THE AYATOLLAH’S TURBAN
Back home, at Chapel Hill High School, we didn’t shower after physical education. I don’t know why, given how terrible I smelled after running laps or doing mountain climbers, or even playing Net Sports with overly aggressive players like Fatty Bolger and Chip Cusumano. But class ran until five minutes before the bell, which was just enough time to get changed, slather myself with extra deodorant, and run to geometry on the other side of the school.
(Go Chargers.)
So I was a little alarmed when Sohrab pulled soap and shampoo out of his nylon drawstring backpack.
“Uh,” I said. “It’s okay. I’ll shower when I get back to Mamou’s.”
“You’re dirty.” He pointed to the grass stains down my legs and across my arms.
“I don’t have a towel.”
Sohrab pulled a pair of towels out of his bag.
I couldn’t figure out how they had fit in there, especially with two kits and two pairs of cleats. Sohrab’s backpack had exceeded the normal laws of space-time.

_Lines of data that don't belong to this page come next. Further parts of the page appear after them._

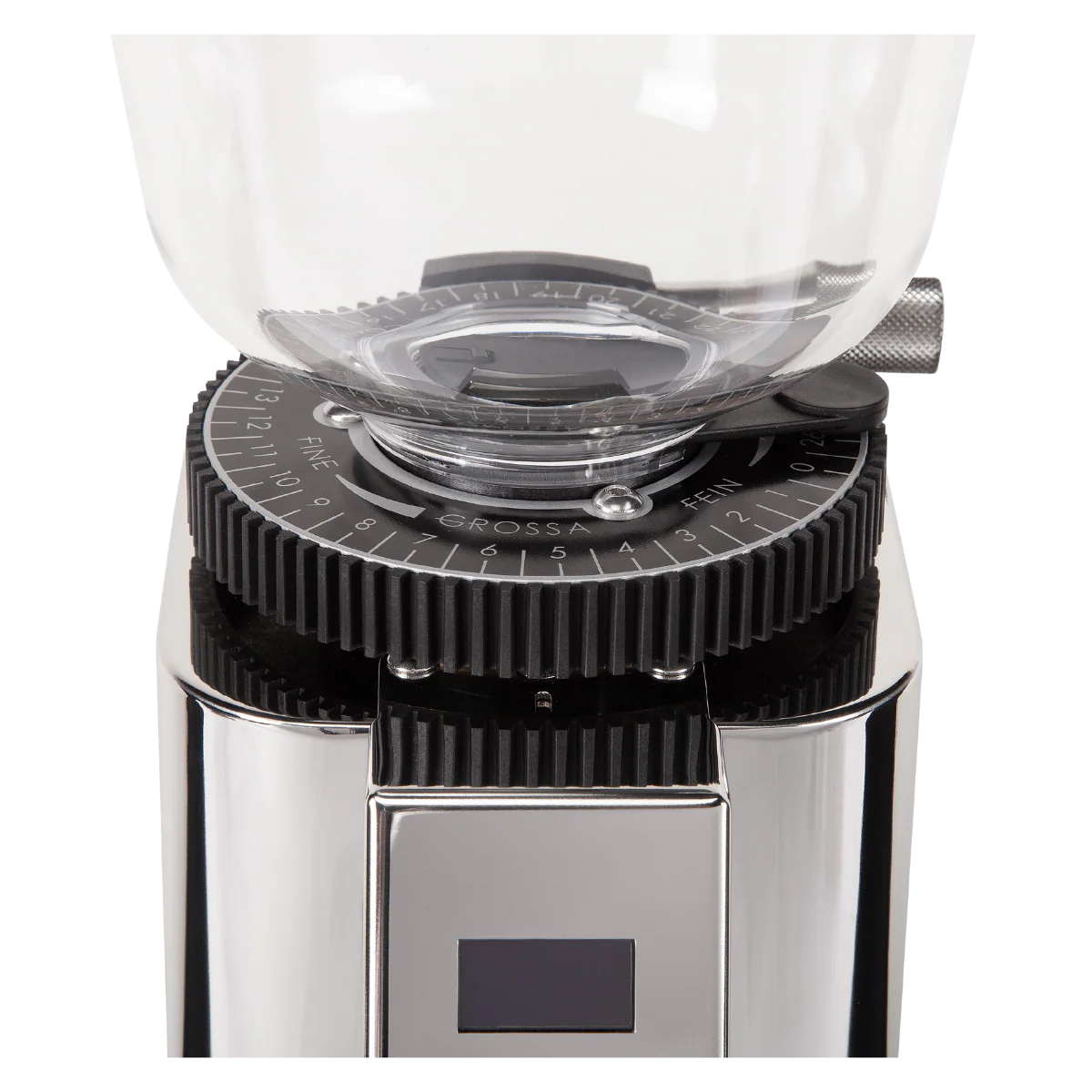 PROFITEC Pro T64 on-demand grinder with digital programming
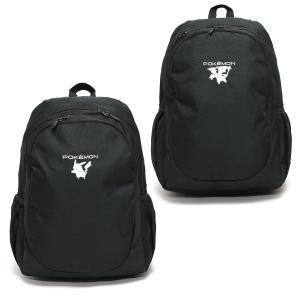 Pokemon（ポケモン） リュック 22L モンスターボール柄 黒 DPK4-4800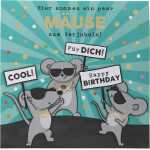 Musikkarte Pop up Motiv 29, Depesche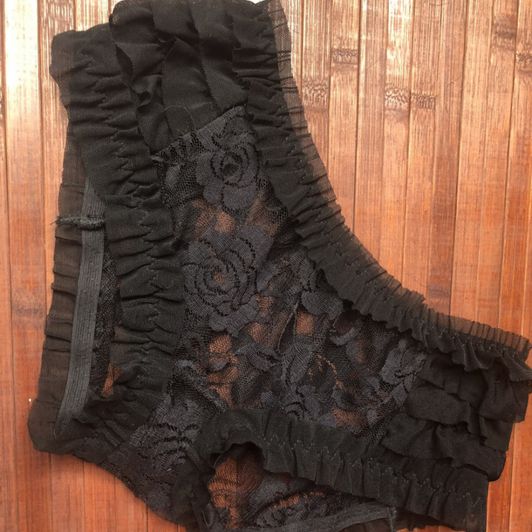 Black Lace panties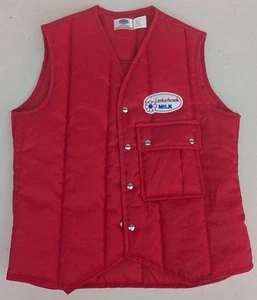Vintage Lenkerbrook Milk Delivery Driver Vest - Picture 1 of 10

Sohrab tossed the towels onto the wooden bench between us and pulled off his shirt, peeling the wet fabric away from his flat chest and stomach. He was still breathing hard, his abdomen expanding and contracting.
I turned away, to give him privacy and also because I was so embarrassed.
Sohrab was in really good shape.
Also, it was weird to get all the way naked. I had never taken my underwear off next to another guy.
I wasn’t even standing that close to Sohrab. But I felt the heat radiating off his skin, like a warp core about to breach.
My skin was still flush from our game, which was good. Sohrab couldn’t tell I was blushing all over as I pulled off my own sticky shirt, wrapped the towel around my waist, and pulled my borrowed shorts and not-borrowed boxers out from underneath.
Sohrab was right: I did need a shower.
New life-forms were evolving in the primordial swamp festering between my legs.
“Over here,” Sohrab said, which was unnecessary, since the spray of the showers echoed from around the corner.
I turned to follow him. He had his towel over his shoulder, like he didn’t have a care in the world.
My skin prickled, the sensation spreading up to my ears, down my neck and shoulders, all the way to my toes. I nearly tripped over my own feet.
I couldn’t breathe.
“Uh.”
There were no stalls. There were just open shower heads.
Red Alert.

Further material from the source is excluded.